PReS13-SPK-1034: looking for new monogenic forms of lupus

We can expect that a better understanding of the pathogenesis of systemic lupus erythematosus (SLE) will eventually lead to improved treatments for this devastating disorder ('translational medicine'). And if lupus is not a single disease entity, then different treatment regimens might be appropriate in different patients ('personalized medicine').
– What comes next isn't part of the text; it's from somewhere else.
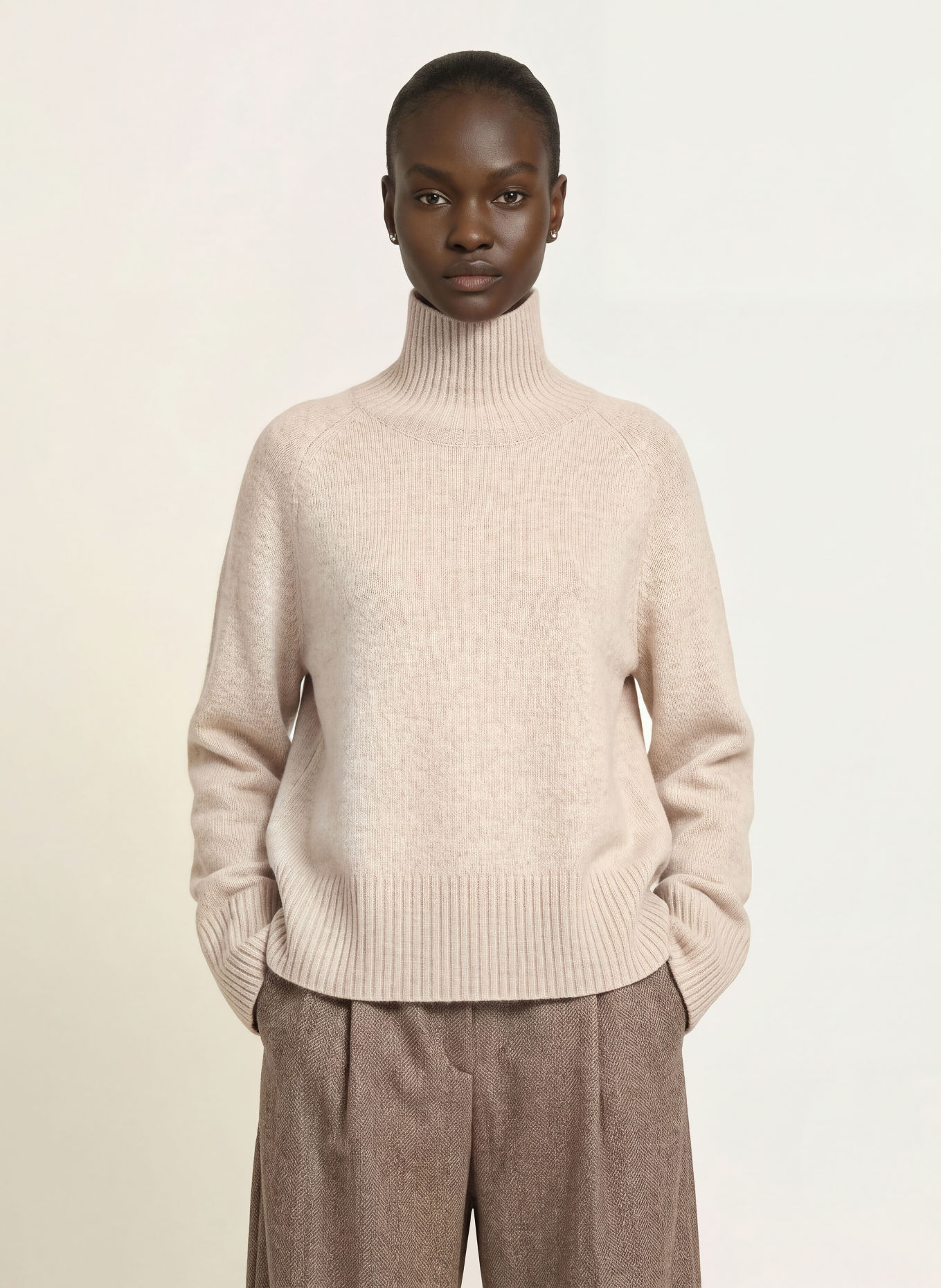 BOSS FALONSO turtleneck sweater: BEIGE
As one approach to improving our understanding of why some people develop lupus, we are interested in the identification and analysis of monogenic (i.e. Mendelian) forms of SLE - thinking that they will not only provide clues to disease causation in specific cases, but that they will also help to define general molecular concepts of immune tolerance/dysfunction in humans, and thus inform the experimental approaches of other researchers (by highlighting potentially important disease pathways e.g. the 'type I interferonopathies').

Drawing on a well-proven strategy taken in other 'complex diseases' (e.g. certain types of cancer, motor neuron disease, Parkinson disease, Alzheimer disease etc.), we hypothesise that populations of children affected by lupus will likely be enriched for Mendelian forms. We are therefore harnessing the power of next-generation sequencing technology to identify highly penetrant genetic susceptibility loci for juvenile SLE. In this talk, I will discuss our strategy, outline the challenges involved in such an approach, and highlight some recent successes.